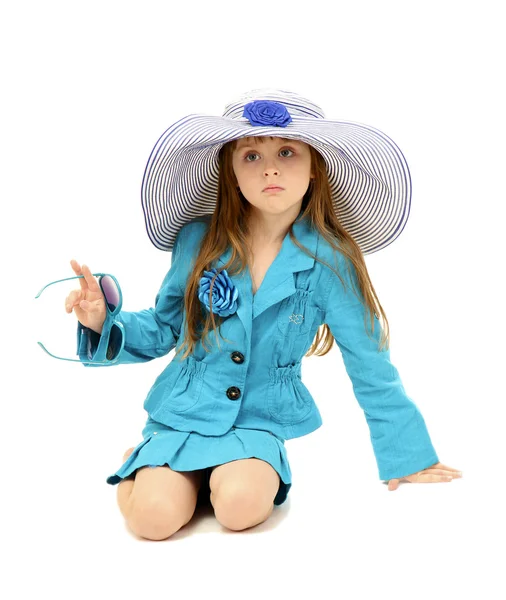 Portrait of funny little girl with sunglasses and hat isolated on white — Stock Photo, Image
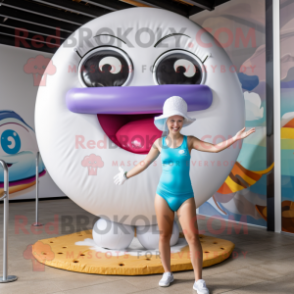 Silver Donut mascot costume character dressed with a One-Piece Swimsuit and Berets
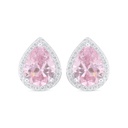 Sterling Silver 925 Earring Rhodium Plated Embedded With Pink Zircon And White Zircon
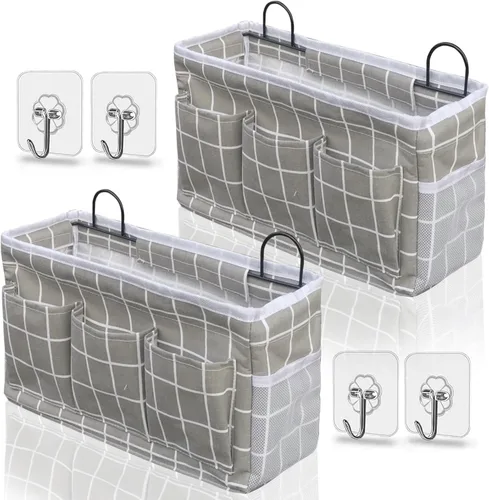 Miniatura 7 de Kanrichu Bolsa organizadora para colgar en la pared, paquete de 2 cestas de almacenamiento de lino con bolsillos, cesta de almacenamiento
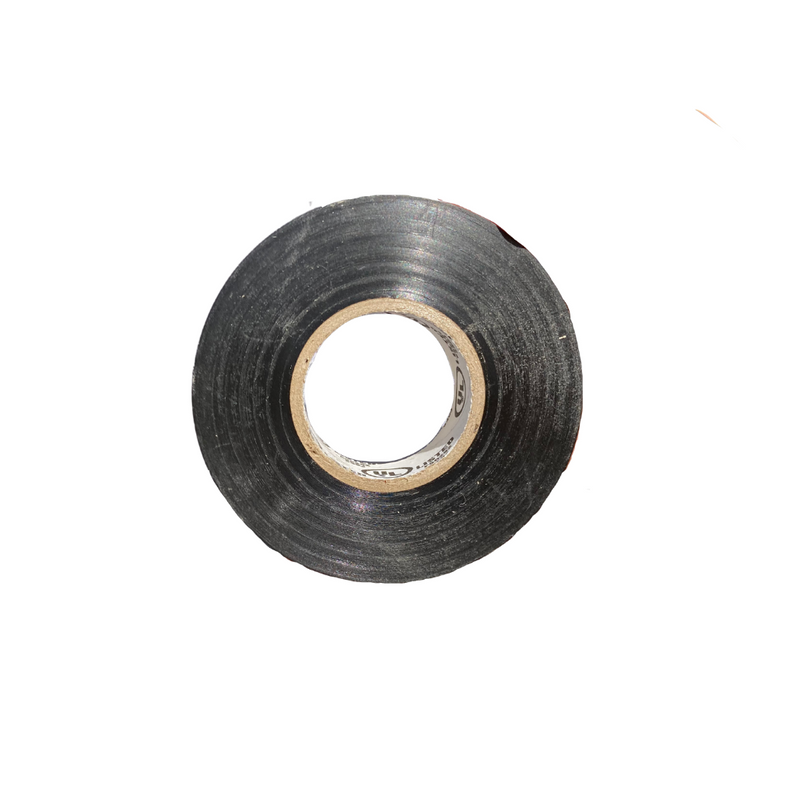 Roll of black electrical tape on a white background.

Goal of the exercise
Type the entries again verbatim. Drop the images.

Response to this exercise
 Portrait of funny little girl with sunglasses and hat isolated on white — Stock Photo, Image
 Silver Donut mascot costume character dressed with a One-Piece Swimsuit and Berets
 Sterling Silver 925 Earring Rhodium Plated Embedded With Pink Zircon And White Zircon
 Miniatura 7 de Kanrichu Bolsa organizadora para colgar en la pared, paquete de 2 cestas de almacenamiento de lino con bolsillos, cesta de almacenamiento
 Roll of black electrical tape on a white background.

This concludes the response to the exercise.